- _BRIEF_
From the first line of the records through the line containing "Charming Finca with swimming pool-12", retype every line exactly and nothing else.

- _RECORDS FOR THIS TASK_
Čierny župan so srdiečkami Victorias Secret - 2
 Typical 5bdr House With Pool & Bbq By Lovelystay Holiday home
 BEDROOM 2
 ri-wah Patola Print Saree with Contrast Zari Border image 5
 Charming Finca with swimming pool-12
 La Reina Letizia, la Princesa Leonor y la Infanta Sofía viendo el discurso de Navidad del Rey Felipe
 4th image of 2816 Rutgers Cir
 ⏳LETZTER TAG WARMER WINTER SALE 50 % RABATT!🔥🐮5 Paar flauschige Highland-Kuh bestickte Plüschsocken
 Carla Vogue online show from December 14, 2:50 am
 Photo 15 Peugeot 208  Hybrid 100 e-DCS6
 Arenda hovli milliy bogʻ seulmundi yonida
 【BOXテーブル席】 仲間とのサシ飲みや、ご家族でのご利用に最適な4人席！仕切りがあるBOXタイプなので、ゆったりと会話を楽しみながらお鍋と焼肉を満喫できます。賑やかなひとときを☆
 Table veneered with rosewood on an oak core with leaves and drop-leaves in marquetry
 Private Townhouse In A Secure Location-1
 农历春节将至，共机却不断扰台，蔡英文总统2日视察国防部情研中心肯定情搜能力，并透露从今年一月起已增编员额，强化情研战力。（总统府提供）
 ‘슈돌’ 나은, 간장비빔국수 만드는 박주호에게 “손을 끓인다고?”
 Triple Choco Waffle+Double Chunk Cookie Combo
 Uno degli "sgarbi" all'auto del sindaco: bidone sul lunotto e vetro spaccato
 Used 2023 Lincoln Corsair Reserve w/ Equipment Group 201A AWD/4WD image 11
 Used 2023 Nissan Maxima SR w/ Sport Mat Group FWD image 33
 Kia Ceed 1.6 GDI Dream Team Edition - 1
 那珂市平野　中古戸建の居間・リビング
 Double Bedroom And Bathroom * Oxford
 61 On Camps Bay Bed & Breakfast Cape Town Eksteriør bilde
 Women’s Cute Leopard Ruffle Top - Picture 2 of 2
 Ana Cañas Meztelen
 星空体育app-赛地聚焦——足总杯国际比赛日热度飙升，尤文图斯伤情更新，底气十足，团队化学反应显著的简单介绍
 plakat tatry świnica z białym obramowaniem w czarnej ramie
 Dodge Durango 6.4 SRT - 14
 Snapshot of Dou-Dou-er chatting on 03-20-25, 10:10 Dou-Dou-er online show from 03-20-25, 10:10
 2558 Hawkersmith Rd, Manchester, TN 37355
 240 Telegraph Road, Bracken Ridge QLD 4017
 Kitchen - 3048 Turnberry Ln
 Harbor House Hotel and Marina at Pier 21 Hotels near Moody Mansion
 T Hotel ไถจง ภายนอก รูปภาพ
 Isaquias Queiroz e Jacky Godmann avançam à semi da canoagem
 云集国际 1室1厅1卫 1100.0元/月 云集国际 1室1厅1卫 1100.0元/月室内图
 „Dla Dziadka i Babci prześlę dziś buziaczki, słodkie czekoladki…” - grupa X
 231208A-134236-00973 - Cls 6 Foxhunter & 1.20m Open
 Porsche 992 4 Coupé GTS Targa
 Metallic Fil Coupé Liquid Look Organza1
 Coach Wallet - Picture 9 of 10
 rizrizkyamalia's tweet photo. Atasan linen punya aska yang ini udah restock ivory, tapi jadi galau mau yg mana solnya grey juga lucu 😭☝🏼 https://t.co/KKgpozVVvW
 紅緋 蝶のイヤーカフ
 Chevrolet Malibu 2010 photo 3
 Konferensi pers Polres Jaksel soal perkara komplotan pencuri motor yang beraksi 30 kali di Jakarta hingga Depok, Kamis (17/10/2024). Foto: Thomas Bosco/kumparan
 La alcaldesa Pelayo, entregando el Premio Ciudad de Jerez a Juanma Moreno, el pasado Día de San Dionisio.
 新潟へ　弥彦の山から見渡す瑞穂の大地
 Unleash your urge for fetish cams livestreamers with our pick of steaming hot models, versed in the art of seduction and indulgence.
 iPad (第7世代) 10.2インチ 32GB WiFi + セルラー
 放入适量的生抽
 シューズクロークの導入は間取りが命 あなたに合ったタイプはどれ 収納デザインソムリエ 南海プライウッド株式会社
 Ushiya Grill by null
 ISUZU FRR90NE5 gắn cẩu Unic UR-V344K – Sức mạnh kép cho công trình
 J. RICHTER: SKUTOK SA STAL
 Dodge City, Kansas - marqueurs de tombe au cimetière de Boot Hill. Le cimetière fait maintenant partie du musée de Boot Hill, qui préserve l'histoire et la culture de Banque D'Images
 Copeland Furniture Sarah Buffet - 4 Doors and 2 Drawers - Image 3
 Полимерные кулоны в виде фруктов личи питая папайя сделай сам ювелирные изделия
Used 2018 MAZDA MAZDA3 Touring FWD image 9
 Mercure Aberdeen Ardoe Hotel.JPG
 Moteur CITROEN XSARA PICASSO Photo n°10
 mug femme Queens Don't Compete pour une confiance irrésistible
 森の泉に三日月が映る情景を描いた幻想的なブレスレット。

- _YOUR RESPONSE_
Čierny župan so srdiečkami Victorias Secret - 2
 Typical 5bdr House With Pool & Bbq By Lovelystay Holiday home
 BEDROOM 2
 ri-wah Patola Print Saree with Contrast Zari Border image 5
 Charming Finca with swimming pool-12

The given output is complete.